مقالات پذیرفته شده در ششمین کنگره بین المللی زیست پزشکی
Examining The Receptors Involved In The Growth Of Cancer Cells And Their Effect On Cancer Treatment
Examining The Receptors Involved In The Growth Of Cancer Cells And Their Effect On Cancer Treatment
Yasaman Peirovy,1,*
1. Msc of Molecular Genetic Department of Genetics, Zanjan Branch, Islamic Azad University, Zanjan, Iran.

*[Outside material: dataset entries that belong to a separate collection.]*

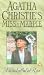 Videos (VHS) : Miss Marple - A Pocketful Of Rye [UK IMPORT]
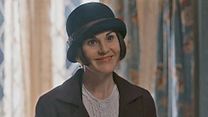 image de Downton Abbey Bande-annonce VF
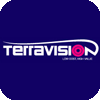 Terravision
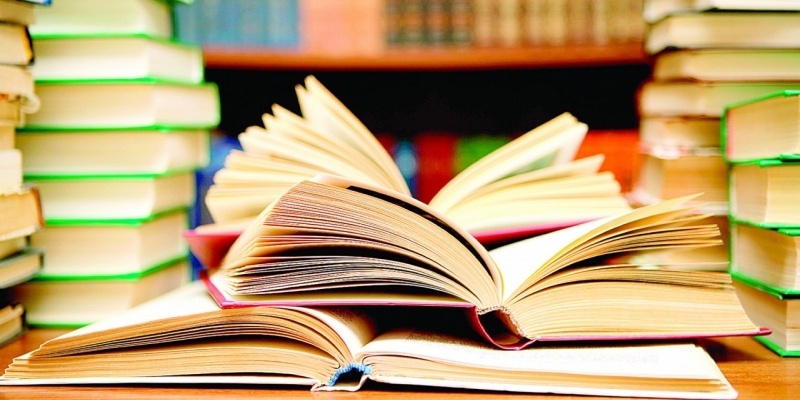 книга,учеба,знания,развитие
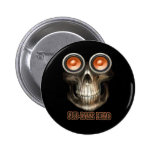 sub bass head Dubstep buttons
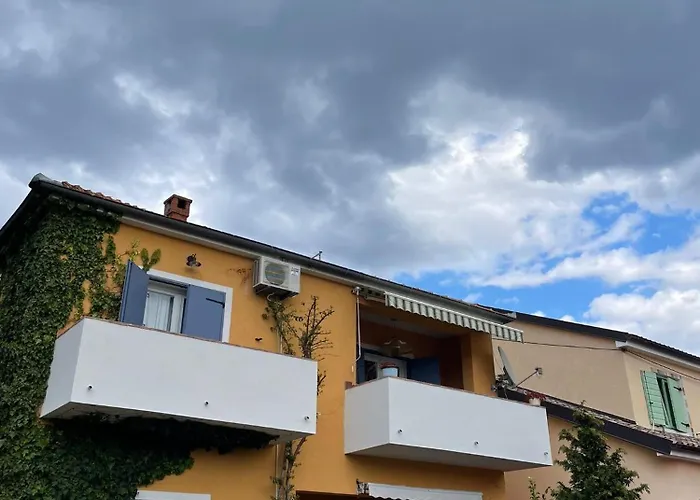 Speranza *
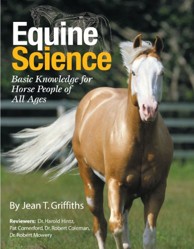 Equine Science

Introduction: The genetic and epigenetic changes that cause cancer enable cells to overproliferate and evade mechanisms that would otherwise regulate their survival and migration. Numerous of these alterations correspond to signaling pathways that regulate cell growth and division, cell death, cell fate, and cell motility. They can be understood in the context of wider signaling network distortions that fuel the progression of cancer, such as alterations in the tumor microenvironment, angiogenesis, and inflammation. Hyperactivation of these signaling pathways can result from mutations that turn cellular proto-oncogenes into oncogenes, whereas the inactivation of tumor suppressors eliminates important negative regulators of signaling. A closer look at the PI3K-Akt and Ras-ERK signaling pathways demonstrate how these changes dysregulate signaling in cancer and result in many of the defining traits of tumor cells. The aim of this study was to examine the receptors involved in the growth of cancer cells and their effect on cancer treatment.
Methods: The current study, which looked through academic databases like Google Scholar, Science Direct, Springer, and PubMed, Examines the receptors involved in the growth of cancer cells and their effect on cancer treatment.
Results: Results revealed that cancer cells exhibit a variety of distinctive traits. These are caused by cellular signal transduction dysregulation brought on by the genetic and epigenetic modifications that fuel cancer. This has an impact on not only the cancer cells themselves but also a larger signaling network that includes blood vessels, the immune system, the ECM, and other cells. In fact, systemic effects are ultimate what cause cancer patients to die because metastatic cancer is a disease that disrupts signaling throughout the affected person. Cancer therapies have been significantly impacted by pharmacological and antibody-based inhibitors that target signaling proteins downstream from these or proteins altered in malignancies. For instance, nonreceptor tyrosine kinase (NTK) Abl and receptor tyrosine kinase (RTK) ErbB2 inhibitors significantly lower patient mortality in chronic myelogenous leukemia and breast cancer, respectively. However, the incidence of recurrence is high due to the emergence of drug resistance. Other inhibitors, such as those that target B-Raf, EGFR, and the kinase ALK, generate substantial decreases in tumor volume and lengthen survival in patients with melanoma and non-small-cell lung carcinomas.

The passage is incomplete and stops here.